▸ **EXERCISE**
Once you find the line containing "Hotel Legian Beach" in the data below, copy it and each following line exactly, up to and including the line containing "Минчане устроили стихийный", and nothing else.

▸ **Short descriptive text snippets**
╭──

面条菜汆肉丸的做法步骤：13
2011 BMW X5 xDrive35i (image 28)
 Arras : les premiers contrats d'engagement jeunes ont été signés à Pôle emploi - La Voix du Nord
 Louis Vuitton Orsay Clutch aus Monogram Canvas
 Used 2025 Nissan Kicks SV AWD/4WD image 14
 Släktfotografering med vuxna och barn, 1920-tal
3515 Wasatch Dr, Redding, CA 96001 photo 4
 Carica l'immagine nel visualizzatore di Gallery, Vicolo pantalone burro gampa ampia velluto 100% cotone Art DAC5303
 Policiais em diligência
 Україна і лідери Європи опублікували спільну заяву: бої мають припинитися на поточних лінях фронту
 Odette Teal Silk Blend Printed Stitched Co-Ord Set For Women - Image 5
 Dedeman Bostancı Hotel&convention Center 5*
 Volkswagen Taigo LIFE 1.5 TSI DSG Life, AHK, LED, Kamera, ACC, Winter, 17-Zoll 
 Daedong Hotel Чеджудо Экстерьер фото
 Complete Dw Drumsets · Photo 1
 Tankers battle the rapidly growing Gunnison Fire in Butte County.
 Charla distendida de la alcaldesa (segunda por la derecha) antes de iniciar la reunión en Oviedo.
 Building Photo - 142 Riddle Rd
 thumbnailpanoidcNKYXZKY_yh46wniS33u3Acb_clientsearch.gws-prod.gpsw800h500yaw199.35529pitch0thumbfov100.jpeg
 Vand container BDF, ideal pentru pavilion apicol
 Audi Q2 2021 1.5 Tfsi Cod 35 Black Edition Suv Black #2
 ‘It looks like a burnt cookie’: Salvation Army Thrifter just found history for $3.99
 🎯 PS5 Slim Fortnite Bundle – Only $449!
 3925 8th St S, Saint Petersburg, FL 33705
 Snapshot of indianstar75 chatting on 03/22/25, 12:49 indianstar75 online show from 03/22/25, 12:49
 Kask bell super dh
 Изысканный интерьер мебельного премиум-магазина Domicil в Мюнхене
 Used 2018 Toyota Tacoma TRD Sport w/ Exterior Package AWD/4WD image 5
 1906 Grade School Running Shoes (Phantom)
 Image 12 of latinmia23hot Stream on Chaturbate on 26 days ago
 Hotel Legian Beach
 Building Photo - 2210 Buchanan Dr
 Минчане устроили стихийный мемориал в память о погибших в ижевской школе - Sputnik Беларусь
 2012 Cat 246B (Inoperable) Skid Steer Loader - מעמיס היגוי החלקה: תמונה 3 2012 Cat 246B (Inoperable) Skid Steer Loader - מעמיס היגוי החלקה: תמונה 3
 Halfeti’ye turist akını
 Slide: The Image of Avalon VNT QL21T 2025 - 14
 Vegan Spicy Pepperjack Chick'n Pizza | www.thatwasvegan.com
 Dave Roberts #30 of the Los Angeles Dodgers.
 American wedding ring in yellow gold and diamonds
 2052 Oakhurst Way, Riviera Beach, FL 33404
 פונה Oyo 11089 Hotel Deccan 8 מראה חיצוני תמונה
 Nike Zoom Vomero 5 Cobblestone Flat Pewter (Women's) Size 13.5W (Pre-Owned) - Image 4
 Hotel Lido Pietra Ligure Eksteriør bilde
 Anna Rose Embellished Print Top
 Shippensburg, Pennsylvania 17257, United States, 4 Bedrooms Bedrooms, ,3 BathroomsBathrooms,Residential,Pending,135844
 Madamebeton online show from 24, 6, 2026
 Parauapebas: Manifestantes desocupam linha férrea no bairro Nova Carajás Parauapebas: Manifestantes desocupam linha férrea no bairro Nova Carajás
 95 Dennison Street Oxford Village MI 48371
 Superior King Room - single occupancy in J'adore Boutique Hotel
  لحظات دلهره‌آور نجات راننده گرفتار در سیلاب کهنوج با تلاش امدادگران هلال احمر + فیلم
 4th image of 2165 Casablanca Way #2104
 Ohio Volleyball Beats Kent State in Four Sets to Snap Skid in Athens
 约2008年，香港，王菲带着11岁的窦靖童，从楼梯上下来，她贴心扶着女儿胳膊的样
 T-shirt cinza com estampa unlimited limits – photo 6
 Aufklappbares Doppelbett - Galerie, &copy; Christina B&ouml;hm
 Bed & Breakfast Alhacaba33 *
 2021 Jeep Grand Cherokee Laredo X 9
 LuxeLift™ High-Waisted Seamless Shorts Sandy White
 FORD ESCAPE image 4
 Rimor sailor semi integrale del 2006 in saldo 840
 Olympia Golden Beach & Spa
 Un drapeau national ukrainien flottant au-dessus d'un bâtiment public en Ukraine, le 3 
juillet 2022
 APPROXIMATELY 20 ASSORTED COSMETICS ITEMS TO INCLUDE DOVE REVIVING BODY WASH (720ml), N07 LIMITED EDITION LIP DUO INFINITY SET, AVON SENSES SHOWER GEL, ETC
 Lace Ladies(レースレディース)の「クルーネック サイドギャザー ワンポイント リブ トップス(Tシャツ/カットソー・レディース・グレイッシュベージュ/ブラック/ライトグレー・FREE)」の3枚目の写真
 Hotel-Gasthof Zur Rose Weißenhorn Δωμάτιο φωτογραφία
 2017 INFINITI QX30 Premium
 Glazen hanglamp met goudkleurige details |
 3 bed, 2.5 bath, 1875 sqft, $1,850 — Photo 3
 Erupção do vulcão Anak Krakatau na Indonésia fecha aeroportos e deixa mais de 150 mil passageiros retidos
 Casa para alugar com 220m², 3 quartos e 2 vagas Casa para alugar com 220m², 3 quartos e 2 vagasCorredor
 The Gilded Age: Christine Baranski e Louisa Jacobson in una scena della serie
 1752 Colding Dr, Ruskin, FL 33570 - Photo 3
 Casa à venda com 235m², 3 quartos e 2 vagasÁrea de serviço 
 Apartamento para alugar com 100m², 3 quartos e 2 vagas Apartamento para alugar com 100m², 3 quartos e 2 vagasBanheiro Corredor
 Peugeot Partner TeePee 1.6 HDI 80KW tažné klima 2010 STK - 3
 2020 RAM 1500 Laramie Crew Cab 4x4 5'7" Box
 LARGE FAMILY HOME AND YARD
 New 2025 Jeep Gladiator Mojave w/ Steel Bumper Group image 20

╰──

▸ **ANSWER SECTION**
 Hotel Legian Beach
 Building Photo - 2210 Buchanan Dr
 Минчане устроили стихийный мемориал в память о погибших в ижевской школе - Sputnik Беларусь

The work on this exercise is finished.